The rise in obesity in the United States since the 1970s is virtually all due to increased food intake, a public health expert at Deakin University in Melbourne has revealed. Professor Boyd Swinburn worked with researchers from Pennington Biomedical Research Center in the US to determine how much of the obesity epidemic was caused by excess calorie intake and how much by reductions in physical activity.
"There have been a lot of assumptions that both reduced physical activity and increased energy intake have been major drivers of the obesity epidemic," Swinburn says. "Until now, nobody has proposed how to quantify their relative contributions to the rise in obesity since the 1970s. This study demonstrates that the weight gain in the American population seems to be virtually all explained by eating more calories - it appears that reductions in physical activity played a minimal role."
While the study used US data, Swinburn believes a similar situation is likely to apply in Australia. But for developing countries undergoing rapid economic transition and urbanisation, it is likely reduced physical activity is playing a larger role in their obesity epidemic.
The research is the first to examine the question of the proportional contributions to obesity by combining metabolic relationships, the laws of thermodynamics, epidemiological data and agricultural data.

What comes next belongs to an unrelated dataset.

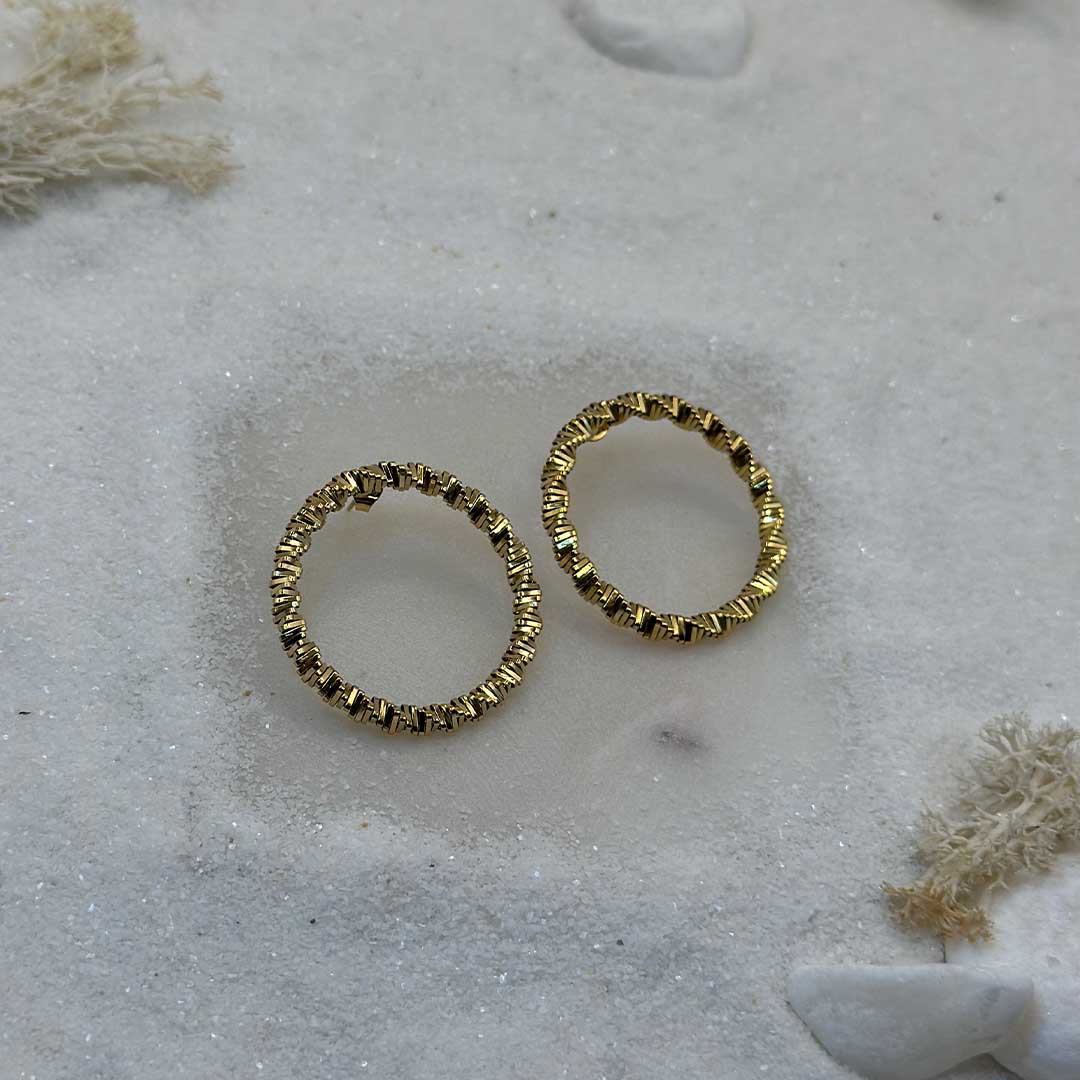Une très jolie paire de boucles d'oreille en or "emy" est au centre de l'image. Les bijoux sont en acier inoxydable, et posés sur du sable blanc. Autour se trouvent des cailloux et des algues.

By analysing a range of data, the researchers predicted how much weight they would expect Americans to have gained over the 30-year period studied if food intake was the only influence and compared that to actual weight gain over that time.
They found that in children, the predicted and actual weight increase matched exactly, indicating the increases in energy intake alone over the 30 years studied could explain the weight increase.
"For children, the predicted weight gain of 4.0 kg matched the actual weight gain and for adults, the predicted weight gain of 10.8 kg was a little more than the actual gain of 8.6 kg," Swinburn says.
"To return to the average weights of the 1970s, we would need to reverse the increased food intake of about 350 calories a day for children (about one can of soft drink and a small portion of French fries) and almost 500 calories a day for adults (about one large hamburger).
"Alternatively, we could achieve similar results by increasing physical activity by about 150 minutes a day of extra walking for children and 110 minutes for adults. But realistically, although a combination of both is needed, the focus would have to be on reducing calorie intake."
Swinburn emphasises that physical activity should not be ignored as a contributor to reducing obesity and should continue to be promoted because of its many other benefits. But that expectations regarding what can be achieved with exercise need to be lowered and public health policy shifted more toward reducing excess energy intake.